Task item. The answer is a stretch of the material below, returned exactly: the line containing "ADAPTOR PLATE Телескопични", the line containing "18 BENTLEY saca 4*100, Michelin balon", and all lines between.

Input material.
------

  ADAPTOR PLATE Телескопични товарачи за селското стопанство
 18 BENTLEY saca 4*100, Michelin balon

------

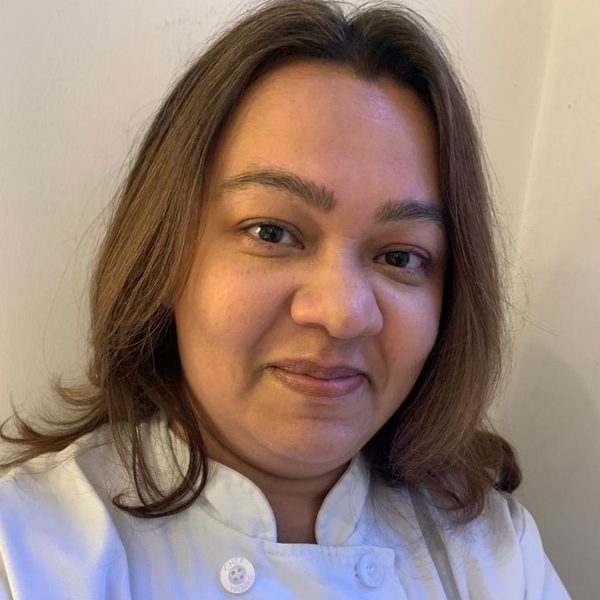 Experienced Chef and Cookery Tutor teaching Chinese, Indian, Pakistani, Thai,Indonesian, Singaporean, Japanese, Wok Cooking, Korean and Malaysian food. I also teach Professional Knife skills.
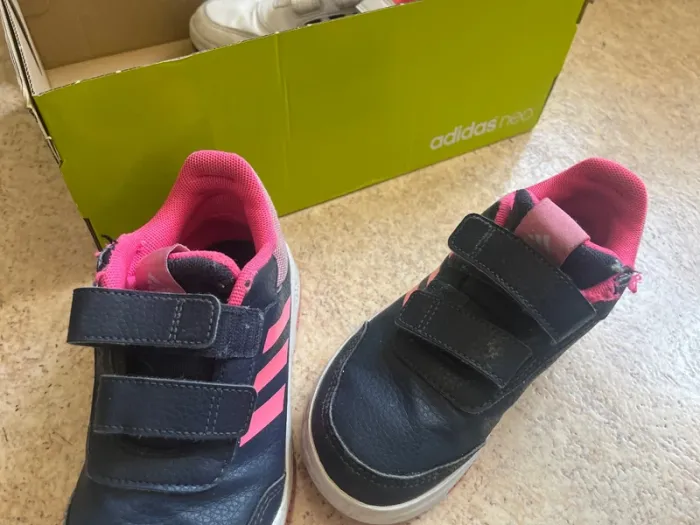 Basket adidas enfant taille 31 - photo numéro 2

------

Task answer.
  ADAPTOR PLATE Телескопични товарачи за селското стопанство
 18 BENTLEY saca 4*100, Michelin balon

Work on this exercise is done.